In 2008, maintaining the ‘need for an international video art festival’ in their home city, Nilsson and Olsson launched the first leg of a festival dedicated to examining the needs and practice of video artists today. Yes, artists do need other artists. Artistic expression is, after all, not simply ‘personal’ expression: it is the expression that results from the dialogue that occurs among peers, and the begging, borrowing, stealing, inverting, modifying, sampling – and rejecting – of other kinds of work. It is vital that artists understand how their own obsessions and expressions stack up against those of their colleagues. But when I say, “artists need other artists” I do not mean simply the need for feedback on the aesthetic merit or direction of one’s work. There is also the need to compare thoughts about the formal distribution of work, i.e. the shifting conditions of production and dissemination, the new ways by which to advance one’s practice. Only by addressing these issues will the contemporary artist move her material, and her medium, forward into the world at large.

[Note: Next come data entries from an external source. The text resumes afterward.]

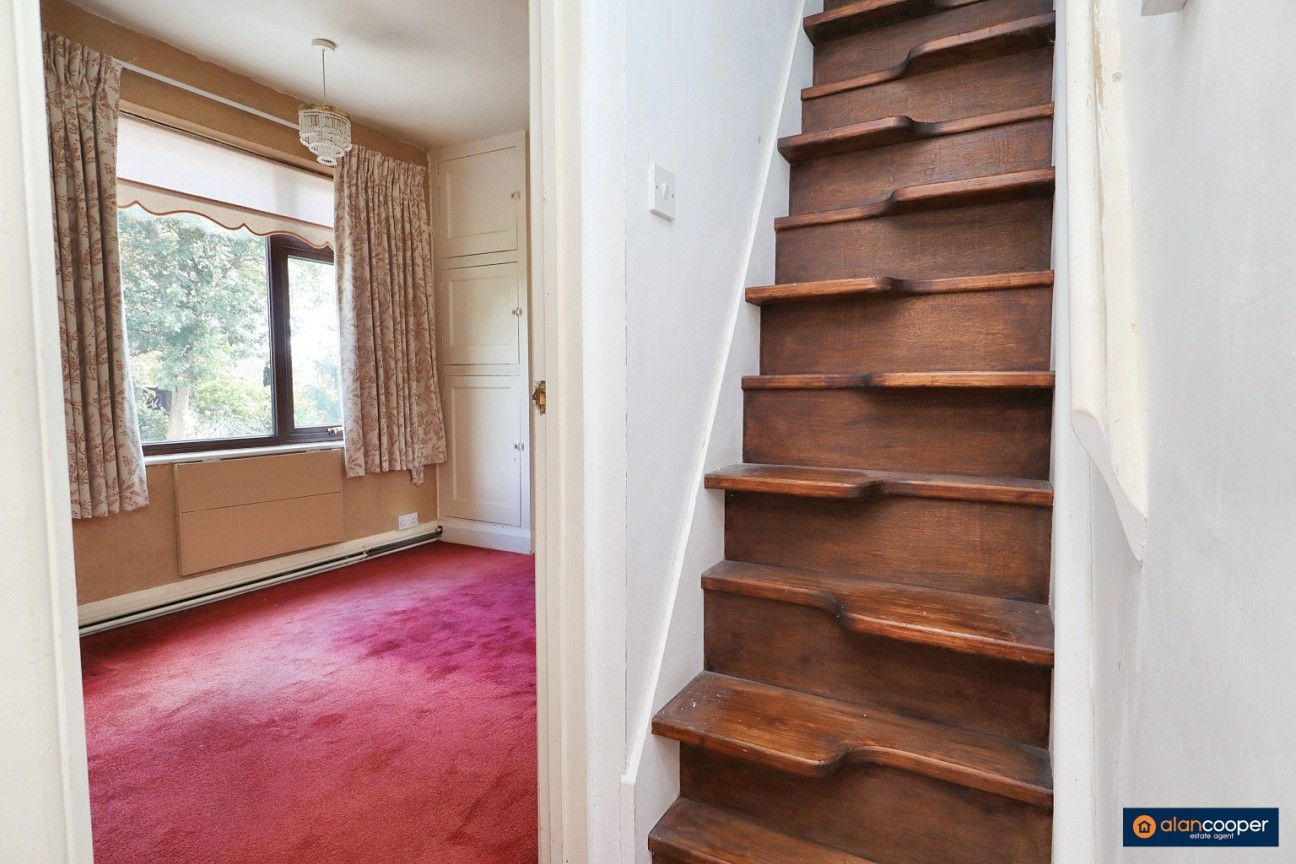 Castle Road, Weddington, Nuneaton, CV10 0EN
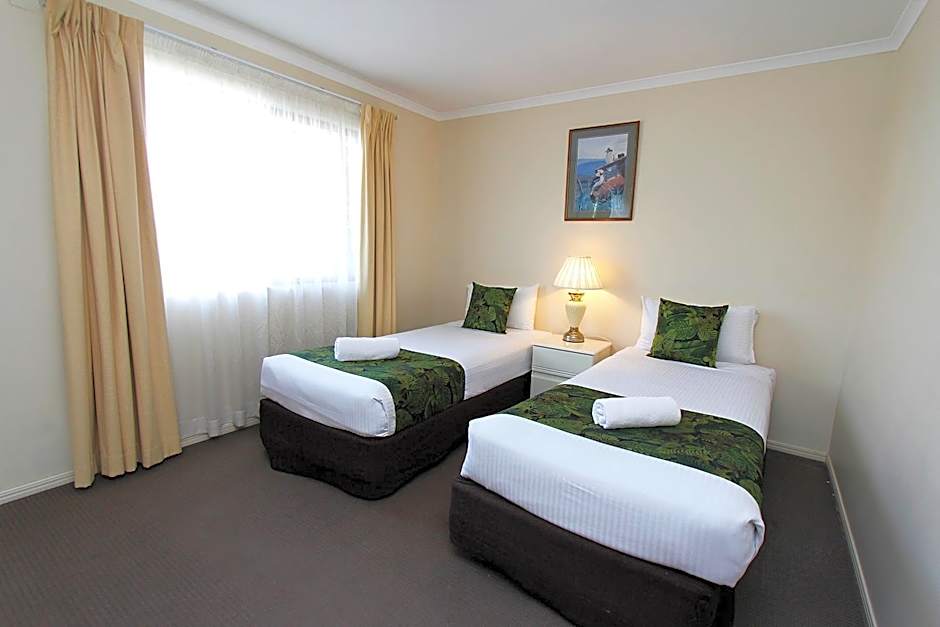 The Palms Motel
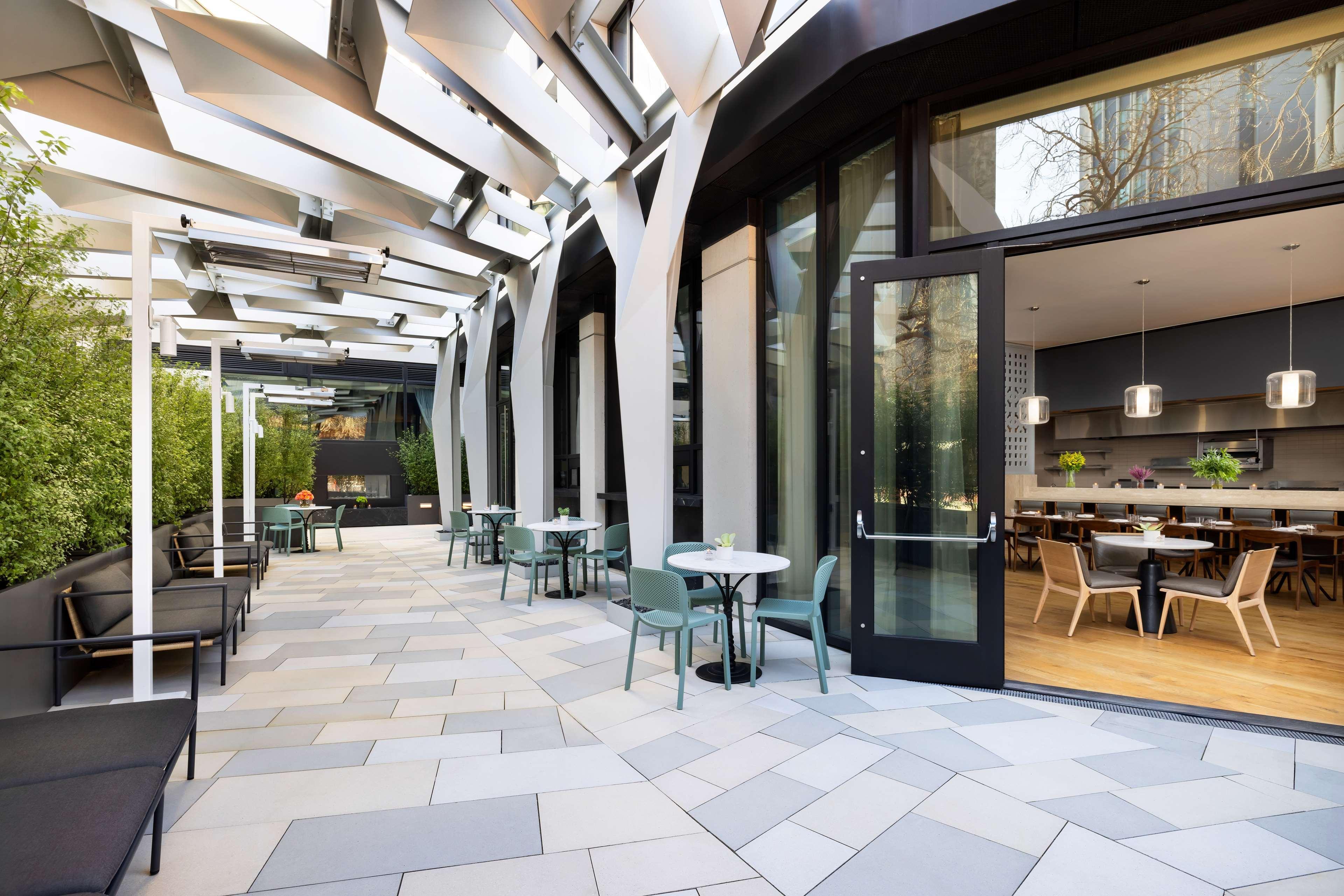 Restaurant Timbri Hotel San Francisco, Curio Collection by Hilton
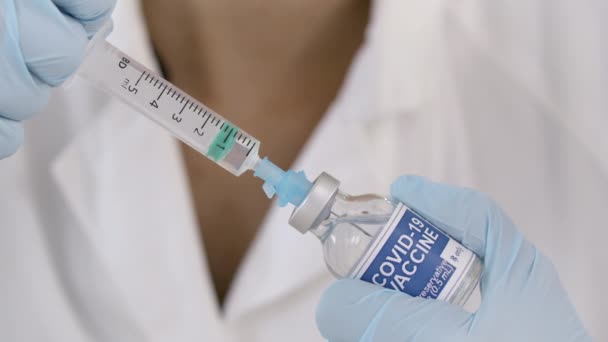 Covid 19 Vaccine Pulled into Syringe - Filmmaterial, Video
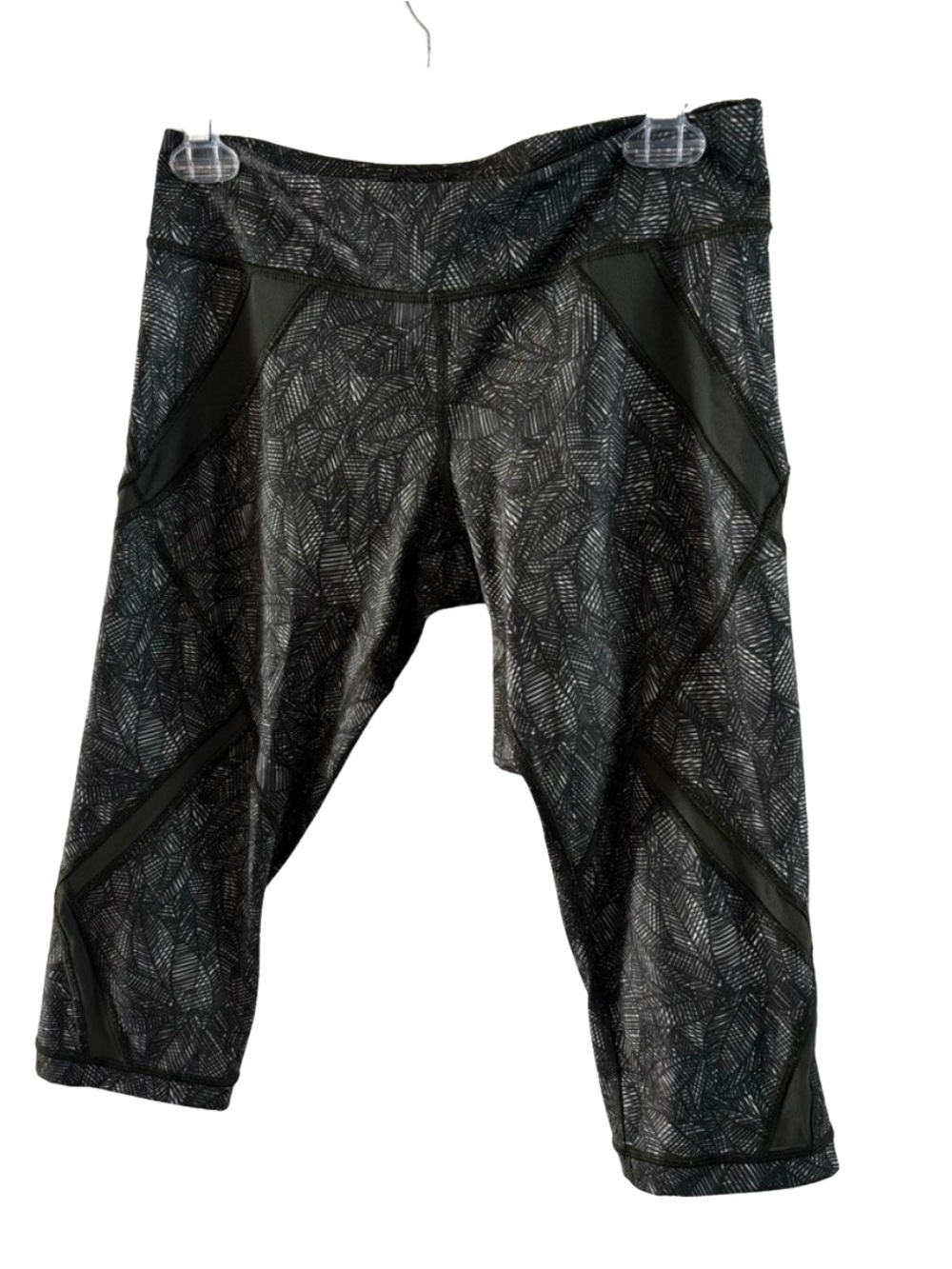 Lululemon dark green leaf pattern cropped leggings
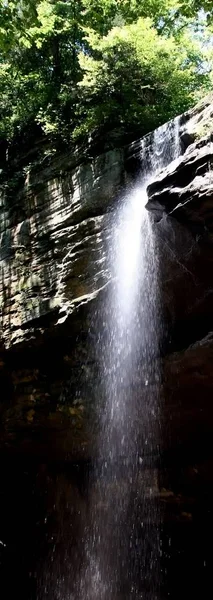 Een Verticaal Schot Van Een Krachtige Waterval Stroomt Door Rotsen — Stockfoto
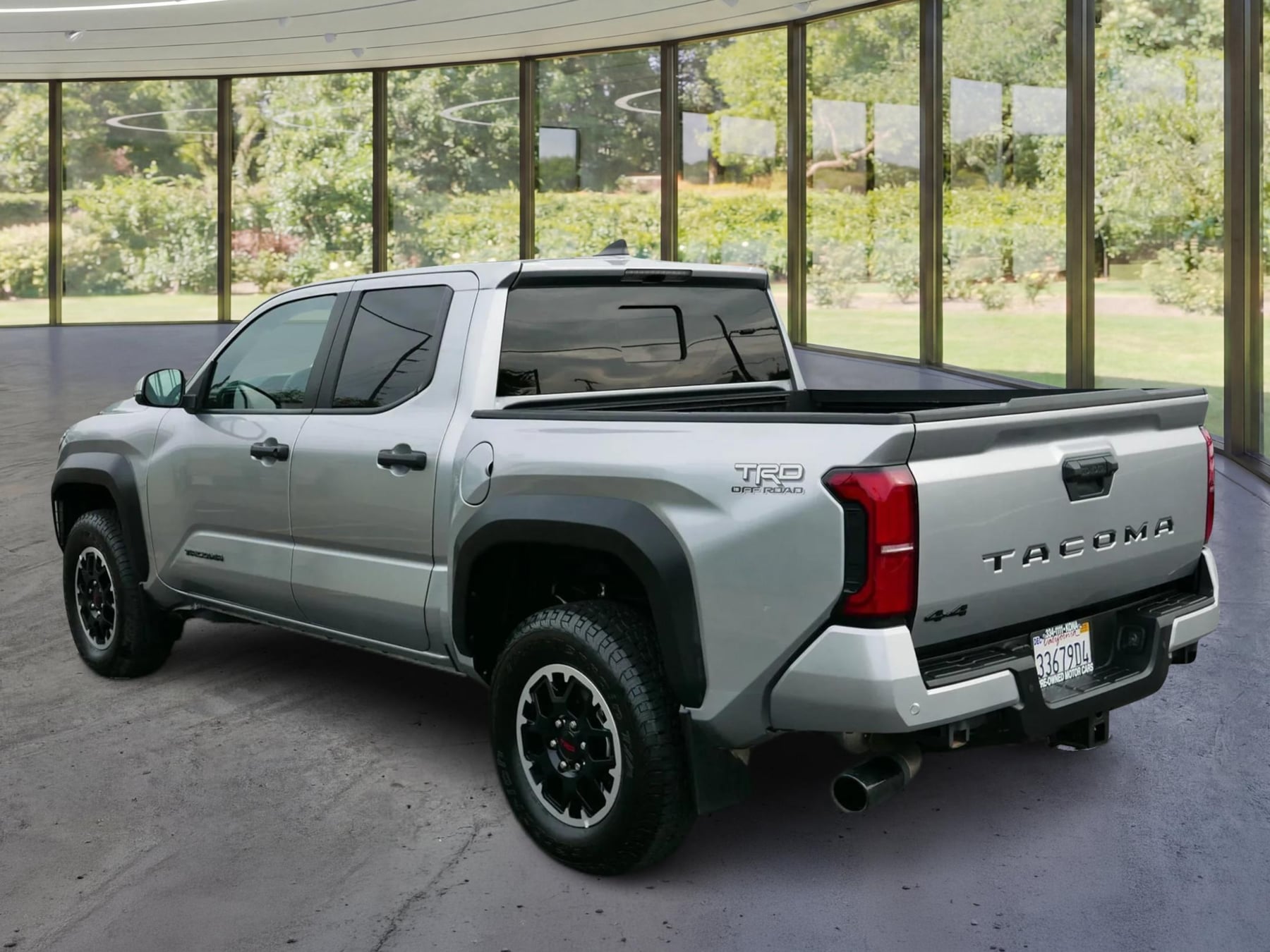 Toyota Tacoma photo 24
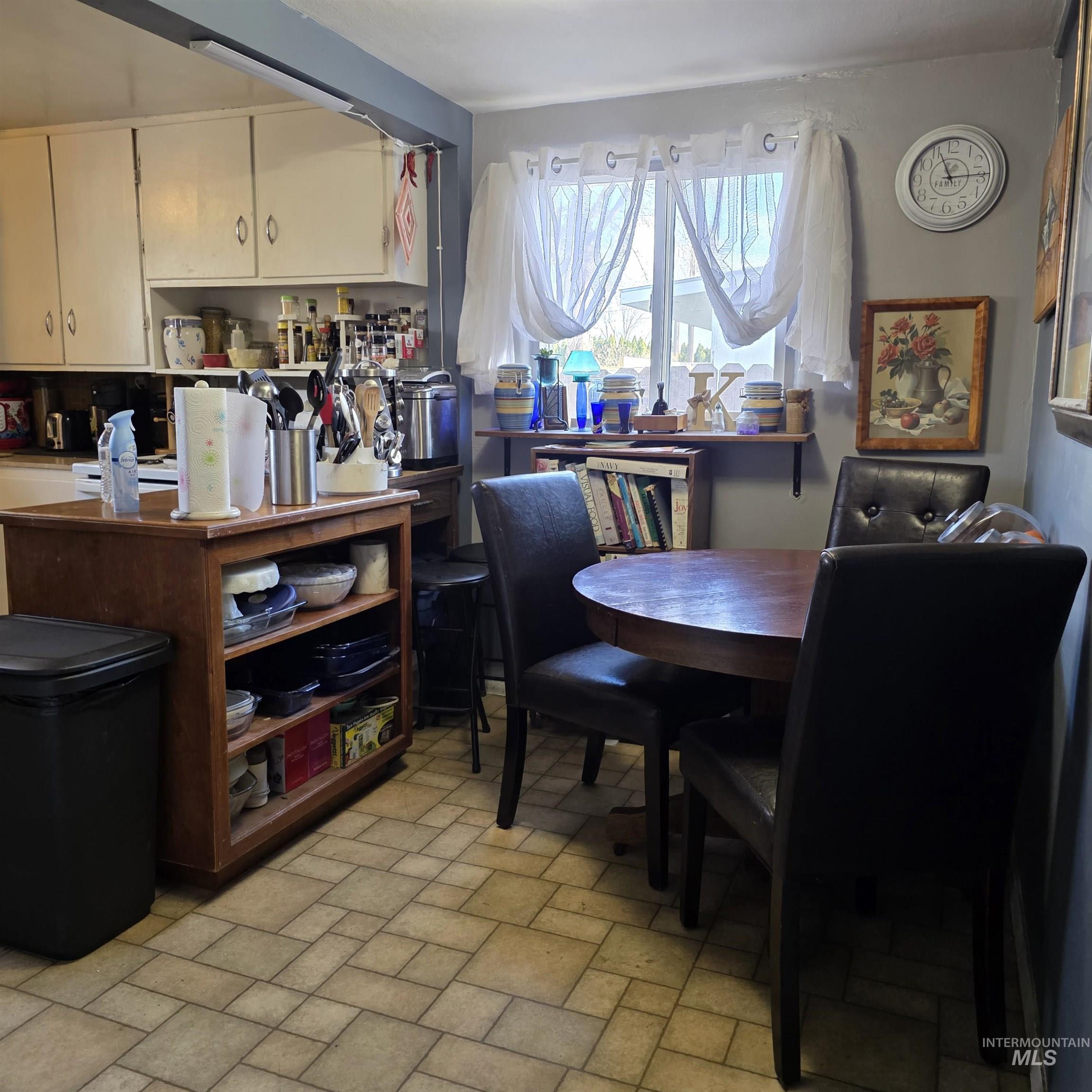 935 Preston Ave Property Photo 12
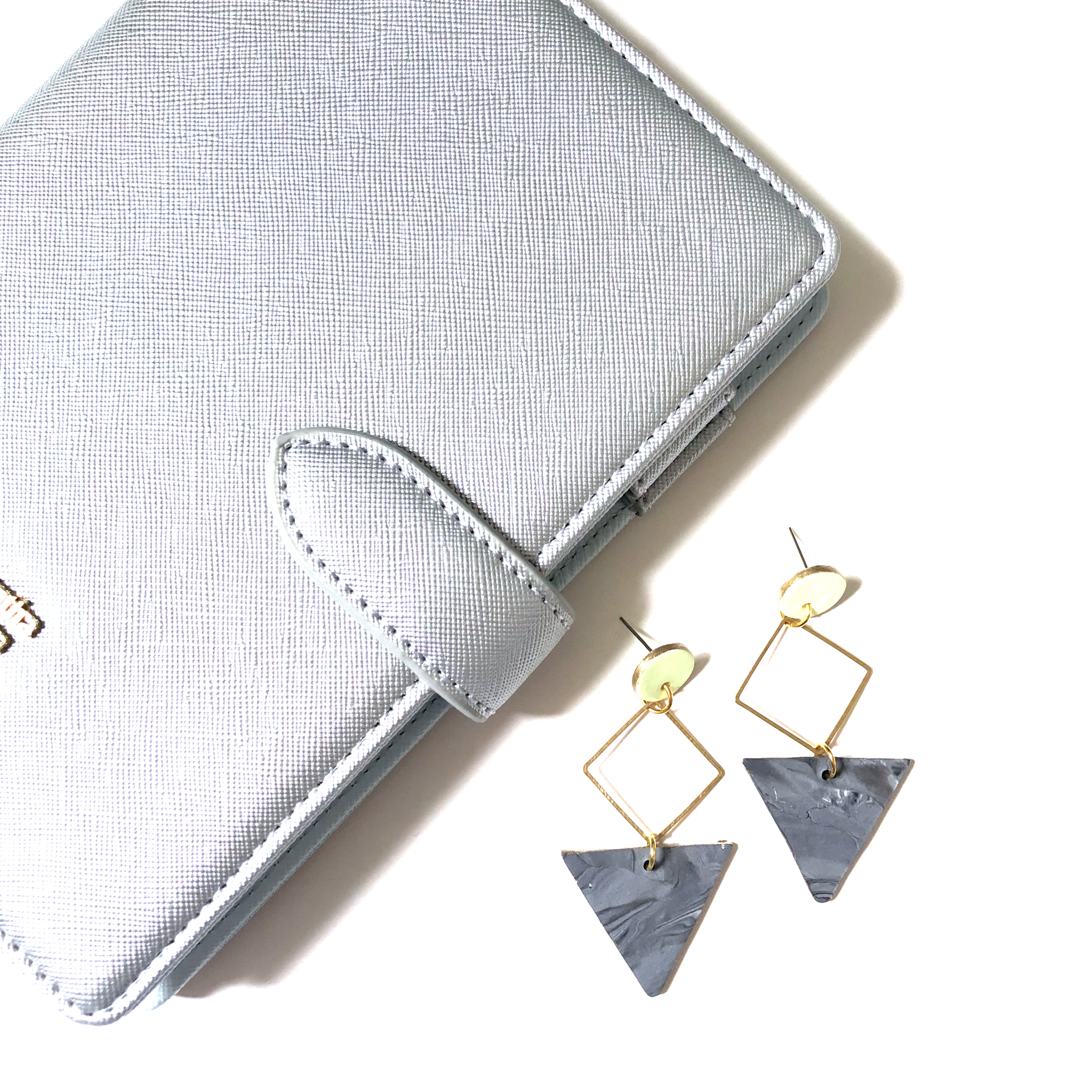 Florence Pastel Jaune Dangle Earrings - v1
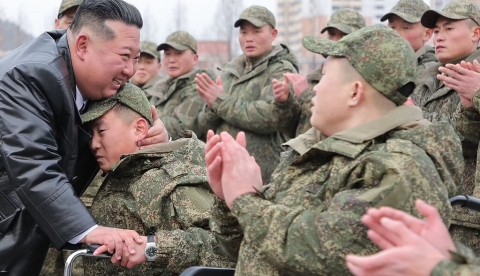 El líder norcoreano, Kim Jong-un, da la bienvenida a las tropas que regresan de su despliegue en la región rusa de Kursk. KCNA / EPA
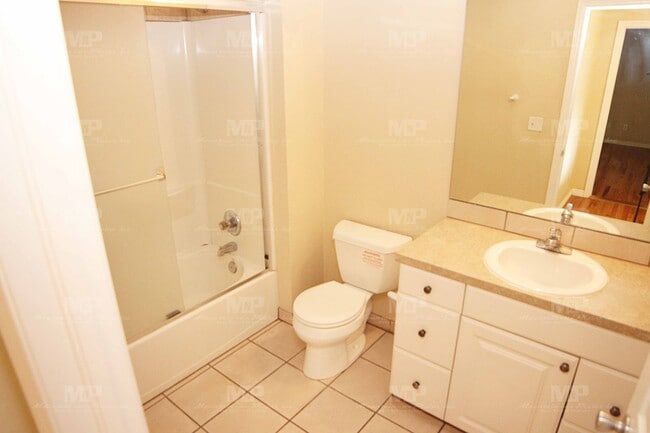 Building Photo - 320 W Laurel St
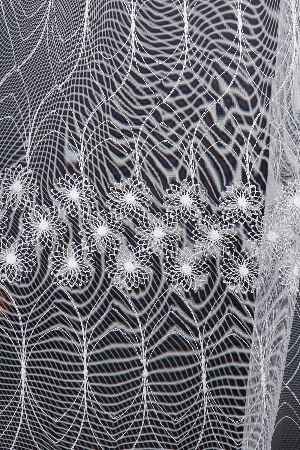 Şeritli Papatya Nakış İşlemeli Brode Tül Perde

Looking at the shape of this first edition of the festival, it is clear that to achieve their goal of a establishing a nexus for community and exchange of artistic practice, the organizers were prepared to employ a variety of tactics, including networking, caliber and scope of work, education, and patronage. Given the point of the Örebro festival was not just to showcase a variety of works but to create agency amongst practitioners, to say that the festival was precisely about constructing connections between approaches to video would be to miss its larger theme. In the face of a spate of other equally ‘international’ art events taking place around the globe, the fundamental question as raised by this new festival is: Is diversity of use to us at all in art and culture if it cannot be harnessed to our needs? In other words, what good is the freedom to make a video on any subject whatever, if artists are unable to define and communicate their work to a public already primed to consume video?
It is evident that there must be “value added” to single channel video festivals such as Orebro, for in one sense they are going against the tide. They may in fact suffer like bookstores suffer on account of the Internet. In the current technological environment, video artists may feel a greater affinity towards an Internet-based platform. Some may even feel the most efficient way to penetrate the market is to abandon single-channel video in its familiar DVD-format. This is not as revolutionary as it sounds; after all, music did not cease to exist simply because the format changed from vinyl to tape to CD to MP3. And this is not to say that single channel video is dying – quite the opposite, in fact: single channel is the dominant format for commercial video. However, there has been one crucial development: video is now sized for optimal viewing on 2.5-inch hand-held screens or 6-inch wide YouTube windows.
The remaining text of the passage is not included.